The full BioSNICAR forward model solves the radiative transfer equation layer-by-layer at 480 wavelengths. Each evaluation takes ~50 ms, which is fine for a single run but becomes a bottleneck when you need many evaluations:
| Task | Evaluations | Forward model | Emulator |
|---|---|---|---|
| Single prediction | 1 | 50 ms | ~1 µs |
| L-BFGS-B retrieval | ~2,000 | ~100 s | <1 s |
| Parameter sweep (1000 points) | 1,000 | ~50 s | ~1 ms |
| MCMC (32 walkers x 5000 steps) | 160,000 | ~2.2 hours | ~1 min |
The emulator also produces smooth, differentiable output, which is essential for gradient-based optimisers like L-BFGS-B. The full solver’s output can have minor numerical noise that confuses gradient estimation.
Quick start
Using the default emulator
BioSNICAR ships with a pre-built 8-parameter default emulator trained on 50,000 forward model runs for glacier ice:
from biosnicar.emulator import Emulator
emu = Emulator.load("data/emulators/glacier_ice_8_param_default.npz")

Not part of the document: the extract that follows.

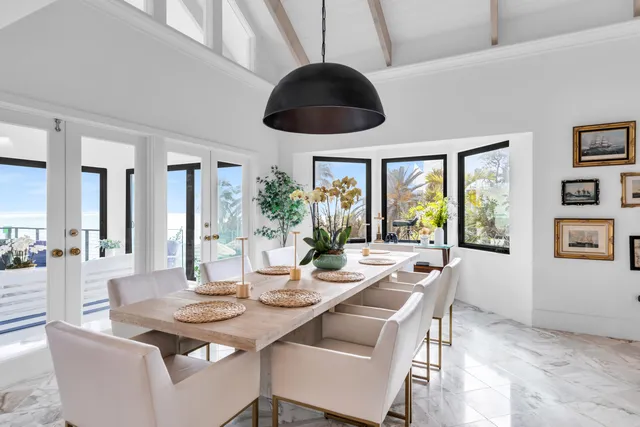 a living room with furniture large windows and wooden floor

# Single prediction (microseconds)
albedo = emu.predict(rds=1000, rho=600, black_carbon=5000, solzen=50, direct=1)
print(albedo.shape) # (480,)
# Or use the run_emulator wrapper for an Outputs object
from biosnicar import run_emulator
outputs = run_emulator(emu, rds=1000, rho=600, black_carbon=5000, solzen=50, direct=1)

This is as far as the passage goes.